Given material –

- Opening Delimiter -

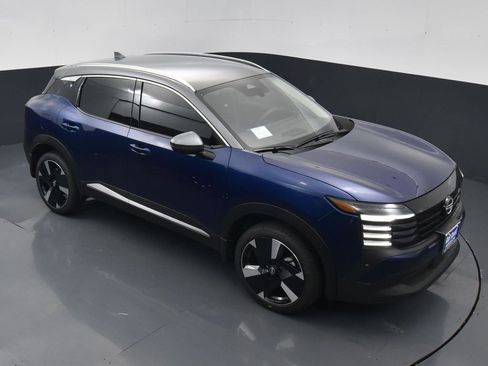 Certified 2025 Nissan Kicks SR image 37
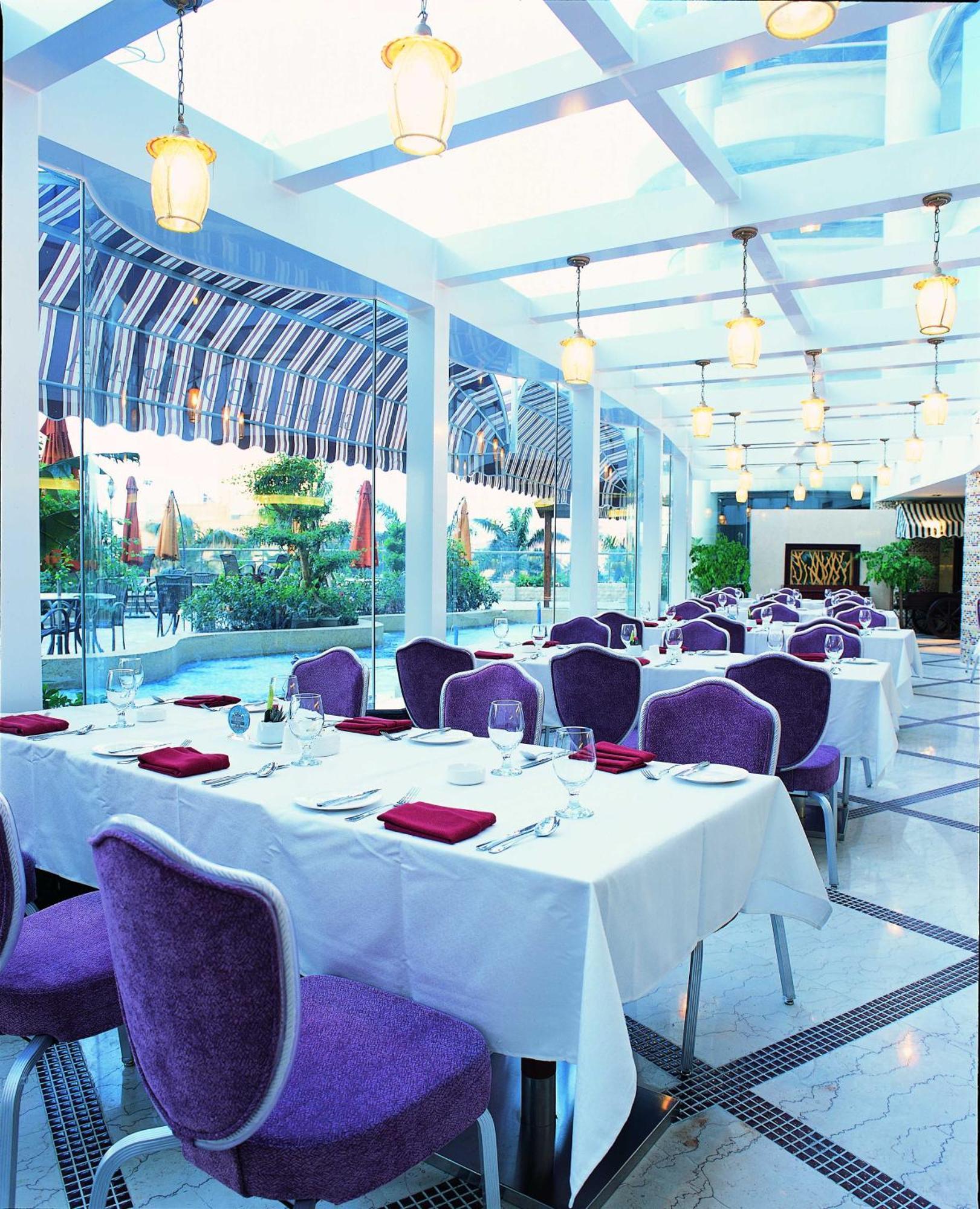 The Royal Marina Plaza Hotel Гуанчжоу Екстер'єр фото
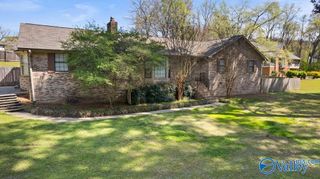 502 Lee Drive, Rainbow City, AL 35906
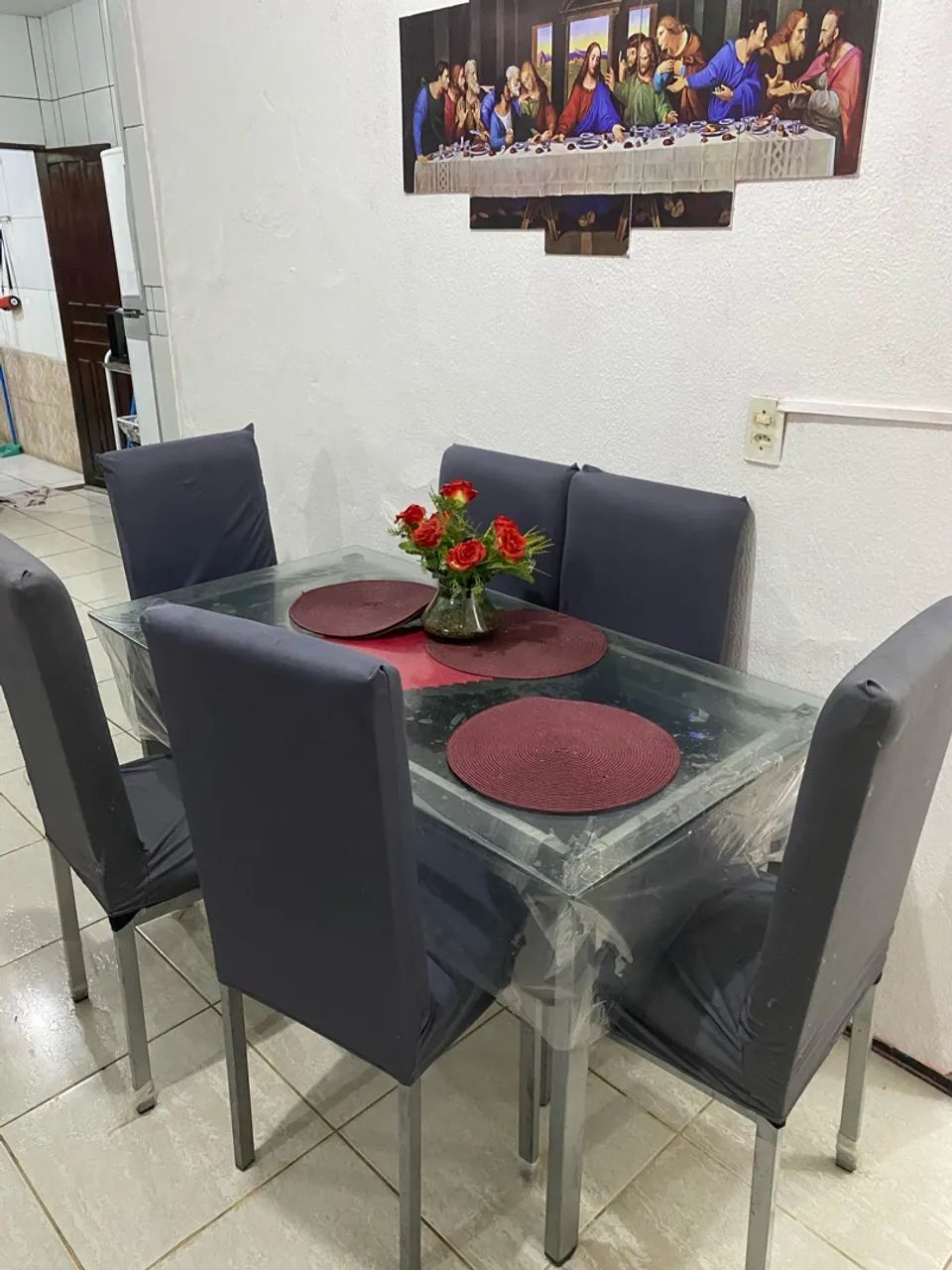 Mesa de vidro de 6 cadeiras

- Closing Delimiter -

Assigned task – Begin with the line holding "The Royal Marina" and end with the last line of the listing. Reproduce each of those lines exactly, and leave every picture out.

Solution for this exercise –
 The Royal Marina Plaza Hotel Гуанчжоу Екстер'єр фото
 502 Lee Drive, Rainbow City, AL 35906
 Mesa de vidro de 6 cadeiras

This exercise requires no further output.